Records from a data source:

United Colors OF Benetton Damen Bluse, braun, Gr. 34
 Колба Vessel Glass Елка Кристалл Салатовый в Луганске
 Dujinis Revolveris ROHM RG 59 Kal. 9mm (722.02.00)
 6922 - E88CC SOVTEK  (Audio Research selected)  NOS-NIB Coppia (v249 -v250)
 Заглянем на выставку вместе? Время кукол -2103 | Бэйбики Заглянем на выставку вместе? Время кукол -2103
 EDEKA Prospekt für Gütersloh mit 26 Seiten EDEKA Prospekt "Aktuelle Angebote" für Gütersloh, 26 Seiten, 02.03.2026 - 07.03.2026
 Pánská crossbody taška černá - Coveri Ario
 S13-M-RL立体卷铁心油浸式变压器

### WHAT THIS TASK INVOLVES
Put down all the data once more, exactly as it appears above.

### FINISHED TASK
United Colors OF Benetton Damen Bluse, braun, Gr. 34
 Колба Vessel Glass Елка Кристалл Салатовый в Луганске
 Dujinis Revolveris ROHM RG 59 Kal. 9mm (722.02.00)
 6922 - E88CC SOVTEK  (Audio Research selected)  NOS-NIB Coppia (v249 -v250)
 Заглянем на выставку вместе? Время кукол -2103 | Бэйбики Заглянем на выставку вместе? Время кукол -2103
 EDEKA Prospekt für Gütersloh mit 26 Seiten EDEKA Prospekt "Aktuelle Angebote" für Gütersloh, 26 Seiten, 02.03.2026 - 07.03.2026
 Pánská crossbody taška černá - Coveri Ario
 S13-M-RL立体卷铁心油浸式变压器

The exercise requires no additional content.